I terremoti, le maree e Raffaele Bendandi

Gli scienziati imboccano la strada che Bendandi aveva tracciato cento anni fa!


Le forze di marea esercitate dalla Luna piena e dalla Luna nuova possono incidere sullo scatenarsi dei grandi terremoti, come quello che nel 2004 ha colpito l’Indonesia causando un enorme tsunami, oppure quello che ha scosso il Giappone nel 2011 danneggiando la centrale nucleare di Fukushima. E’ quanto dimostra l’analisi statistica pubblicata, in questi giorni, su Nature Geoscience dai ricercatori dell’Università di Tokyo.

“Questo studio conferma quanto è già stato dimostrato negli ultimi decenni da ricerche italiane e internazionali, e cioè che esiste un effetto astronomico che condiziona la tettonica delle placche e i terremoti”, commenta Carlo Doglioni, presidente dell’Istituto Nazionale di Geofisica e Vulcanologia.

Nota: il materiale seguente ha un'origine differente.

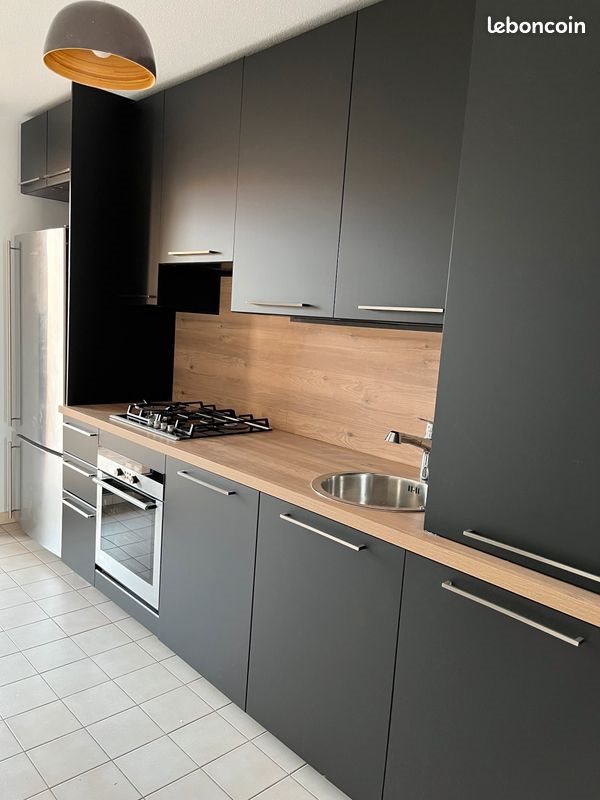 Appartement à louer, 89m², Toulouse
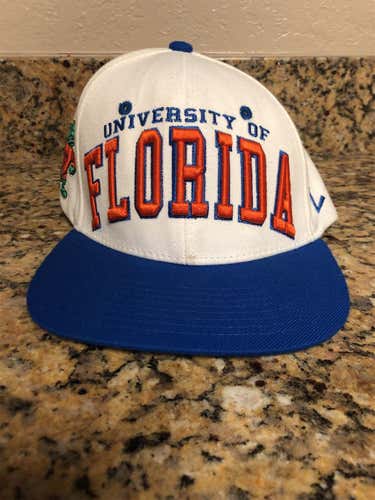 Vintage Florida Gators SnapBack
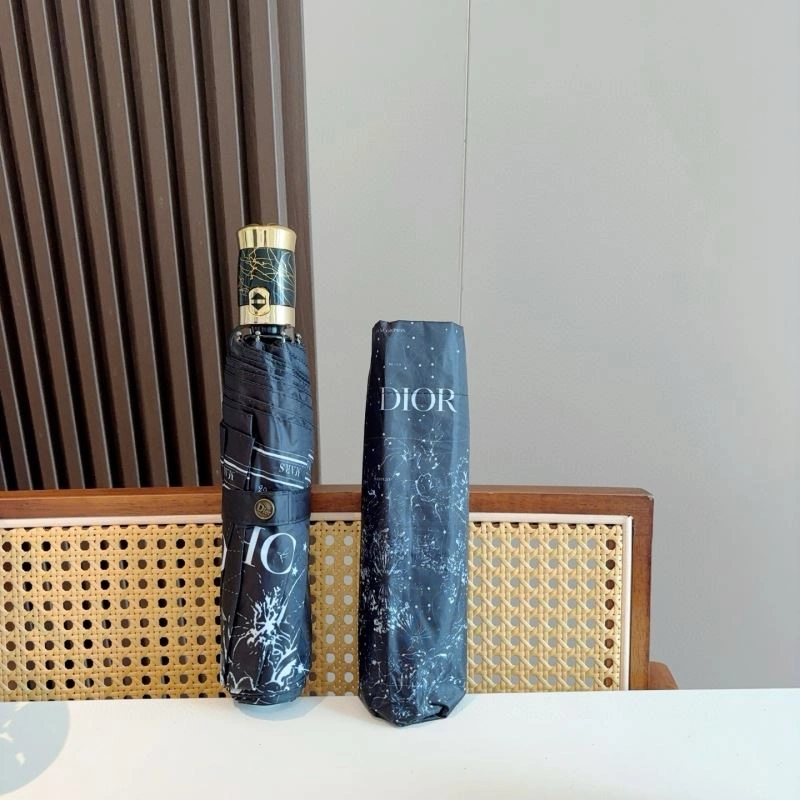 Youthful Christian Dior Umbrella 275710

‘‘I meccanismi di questo fenomeno sono ancora da chiarire – precisa l’esperto – ma tutto è causato da un’alterazione della gravità terrestre dovuta alla presenza della Luna. L’effetto delle maree, che causa la variazione del livello del mare che tutti conosciamo, si manifesta anche sulla terra solida: infatti il suolo si innalza e si abbassa di 30-40 centimetri due volte al giorno, anche se noi non ce ne accorgiamo perché la lunghezza d’onda di questa oscillazione è di 5.000-6.000 chilometri”.

Se questo si verifica in un’area critica, “dove si è accumulata tanta energia e il rapporto di pressione è vicino al punto di rottura – prosegue Doglioni – allora l’effetto astronomico può rappresentare la goccia che fa traboccare il vaso, scatenando il terremoto”. 

I ricercatori giapponesi lo hanno confermato ricostruendo l’ampiezza delle forze di marea nelle due settimane antecedenti gli eventi sismici avvenuti nel mondo negli ultimi 20 anni con magnitudo pari o superiore a 5.5. Dai dati è così emersa una forte correlazione statistica tra forze di marea e grandi sismi. “E’ ancora troppo presto per pensare di sfruttare l’effetto delle maree per prevedere i terremoti – sottolinea Doglioni – ma di certo nuove ricerche in questo ambito ci aiuteranno a capire meglio quali sono le reali forze che muovono le placche terrestri”.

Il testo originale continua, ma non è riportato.